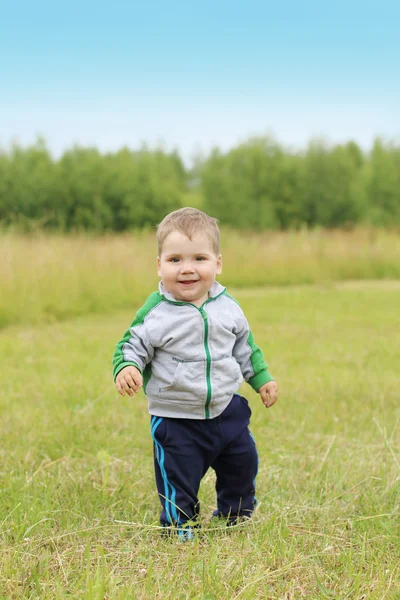 Knappe lachende jongetje staat op groene weide in zomerdag — Stockfoto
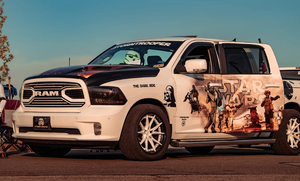 Side profile of 2018 Dodge Ram with custom 20x9 deep dish forged wheels, truck stance, tailored design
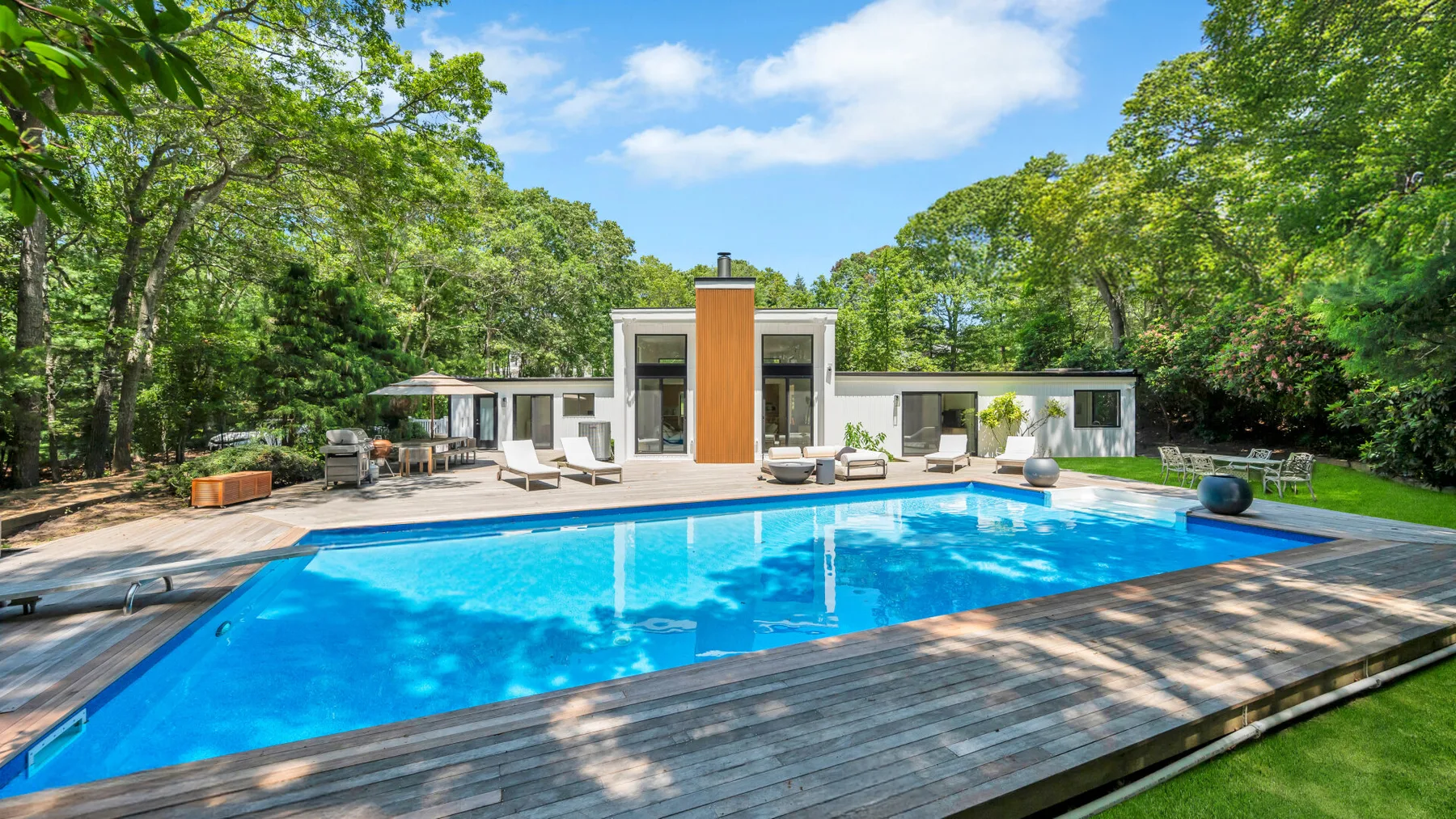 A modern house stands behind a swimming pool, surrounded by leafy trees.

+ + + + +

__Directions__: Exclude all pictures and return precisely the lines from the one containing "Side profile of" through the closing line of the data.

__Exercise answer__:
 Side profile of 2018 Dodge Ram with custom 20x9 deep dish forged wheels, truck stance, tailored design
 A modern house stands behind a swimming pool, surrounded by leafy trees.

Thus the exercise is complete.